Image Processing And Pattern Recognition (BITI3313): April 2012

Friday, 27 April 2012

Region Segmentation

Hai, we meet again in this new post..

In conjunction with Labor Day next week, Image Processing class has been cancelled. But, our lovely lecturer has an ASSIGNMENT for us on that HOLIDAY.

Thus, in this post, we gonna discuss about REGION SEGMENTATION.

What is a Region?

Basic definition : a group of connected pixels with similar properties.
Important in interpreting an image because they may correspond to objects in a scene.
For correct interpretation, image must be partitioned into regions that correspond to objects or parts of an object.

What is Segmentation?

Another way of extracting and representing information from an image is to group pixels together into regions of similarity.
If an image has been preprocessed appropriately to remove noise and artifacts, segmentation is often the key step in interpreting the image.
Image segmentation is a process in which regions or features sharing similar characteristics are identified and grouped together.
Image segmentation may use statistical classification, thresholding, edge detection, region detection, or any combination of these techniques.
The output of the segmentation step is usually a set of classified elements.
Most segmentation techniques are either region-based or edge-based.

Edge-based techniques rely on discontinuities in image values between distinct regions, and the goal of the segmentation algorithm is to accurately demarcate the boundary separating these regions.

Region-based techniques rely on common patterns in intensity values within a cluster of neighboring pixels.
The cluster is referred to as the region, and the goal of the segmentation algorithm is to group regions according to their anatomical or functional roles.
Important principles:-

Value similarity - Gray value differences

- Gray value variance

Spatial Proximity - Euclidean distance

- Compactness of a region

Region-based segmentation methods attempt to partition or group regions according to common image properties.

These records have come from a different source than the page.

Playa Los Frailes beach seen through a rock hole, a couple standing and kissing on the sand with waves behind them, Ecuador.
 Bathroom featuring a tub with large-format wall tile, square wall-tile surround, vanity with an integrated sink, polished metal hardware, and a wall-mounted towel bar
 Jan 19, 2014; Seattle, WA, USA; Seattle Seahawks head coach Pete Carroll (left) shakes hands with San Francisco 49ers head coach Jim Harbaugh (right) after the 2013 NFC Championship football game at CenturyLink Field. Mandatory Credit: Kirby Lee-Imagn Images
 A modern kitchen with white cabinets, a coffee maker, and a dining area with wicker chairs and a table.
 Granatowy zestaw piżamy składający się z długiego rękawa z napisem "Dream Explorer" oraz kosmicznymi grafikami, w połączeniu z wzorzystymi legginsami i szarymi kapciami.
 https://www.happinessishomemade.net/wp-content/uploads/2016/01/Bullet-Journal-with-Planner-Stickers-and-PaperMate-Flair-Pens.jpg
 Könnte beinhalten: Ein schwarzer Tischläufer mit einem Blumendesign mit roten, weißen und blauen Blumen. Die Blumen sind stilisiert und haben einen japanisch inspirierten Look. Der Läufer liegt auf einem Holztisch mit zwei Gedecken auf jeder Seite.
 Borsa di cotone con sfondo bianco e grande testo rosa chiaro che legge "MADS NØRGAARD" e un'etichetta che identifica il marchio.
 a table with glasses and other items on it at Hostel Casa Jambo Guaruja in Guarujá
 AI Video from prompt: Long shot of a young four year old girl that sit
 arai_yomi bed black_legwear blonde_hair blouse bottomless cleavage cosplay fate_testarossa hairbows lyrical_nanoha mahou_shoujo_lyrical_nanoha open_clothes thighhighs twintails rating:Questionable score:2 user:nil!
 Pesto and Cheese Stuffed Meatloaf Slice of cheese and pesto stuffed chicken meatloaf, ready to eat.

These image properties consist of :

Intensity values from original images, or computed values based on an image operator
Textures or patterns that are unique to each type of region
Spectral profiles that provide multidimensional image data

Elaborate systems may use a combination of these properties to segment images, while simpler systems may be restricted to a minimal set on properties depending of the type of data available.

There are three basic approaches to segmentation:

Region Merging - recursively merge regions that are similar.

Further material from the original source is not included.